5 years ago
Report confirms benefit of PAFTA
SENATOR THE HON SIMON BIRMINGHAM
Today the Joint Standing Committee on Treaties (JSCOT) released its second report into the Peru-Australia Free Trade Agreement (PAFTA).
Minister for Trade, Tourism and Investment Simon Birmingham welcomed the report’s recommendation that it be supported and that binding treaty action be taken.
“I welcome the Committee’s acknowledgment of the ‘gains and opportunities that PAFTA will provide for Australian businesses and exporters’ andtheir noting of the ‘importance of early ratification.’
“PAFTA has significant benefits for Australian farmers and businesses, will create more jobs and help to further strengthen our economy. It also builds on the significant gains we have achieved in ratifying the TPP-11 by phasing out a number of tariffs even faster.

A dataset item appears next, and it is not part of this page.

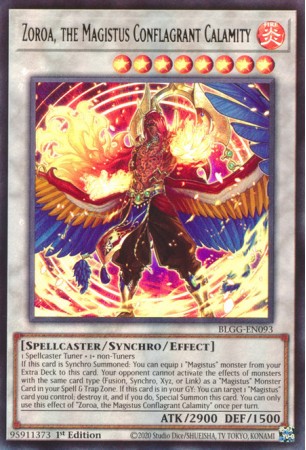 Zoroa, the Magistus Conflagrant Calamity - BLGG-EN093 - Ultra Rare
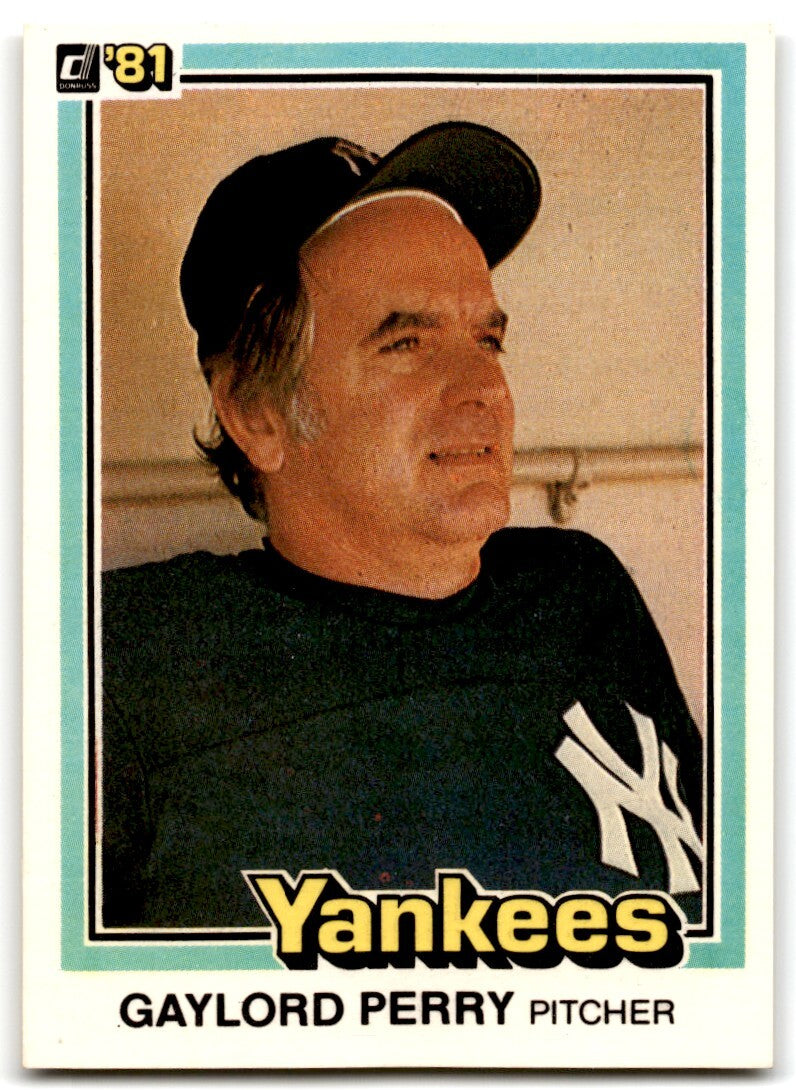 1981 Donruss Gaylord Perry Baseball Cards #471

“For example Australian sugar and canegrowers under PAFTA will secure more market access than any other sugar exporting country has achieved into Peru in the last 20 years.
“PAFTA also removes barriers for some of our key services industries including education and telecommunications by providing them with more transparent and predictable operating conditions.”
In October, at the request of the Australian Labor Party and in the spirit of bipartisanship, Minister Birmingham referred PAFTA to JSCOT for a second time.
“It’s disappointing to see Labor now state that the ‘implementing legislation should be postponed’ until the Government renegotiates certain aspects of the Agreement. This approach, which we do not agree with, would threaten decades of bipartisanship on trade policy, undermine Australia’s credibility in trade negotiations and jeopardise all the benefits that Australian industry would access under this agreement,” Minister Birmingham said.
“Are Labor seriously going to hold up this Agreement over Investor-State Dispute Settlement provisions, which already exist between Australia and Peru under a decades old investment agreement that the Keating Government signed and will continue to apply even if this new FTA is not brought into force?
“The approach argued by Labor Committee members defies logic and ignores the reality that these provisions are there to help safeguard Australian companies which are expanding their operations overseas by investing in foreign economies.
“Labor should listen to the likes of the Winemakers Federation of Australia, the National Farmers’ Federation, the Group of Eight Universities, the Minerals Council of Australia, the Australian dairy industry and the red meat and livestock industry who all made submissions in support of PAFTA.
“I urge Bill Shorten and the Labor Party to maintain a bipartisan approach to trade and to put the interests of Australian farmers and businesses first by supporting PAFTA.”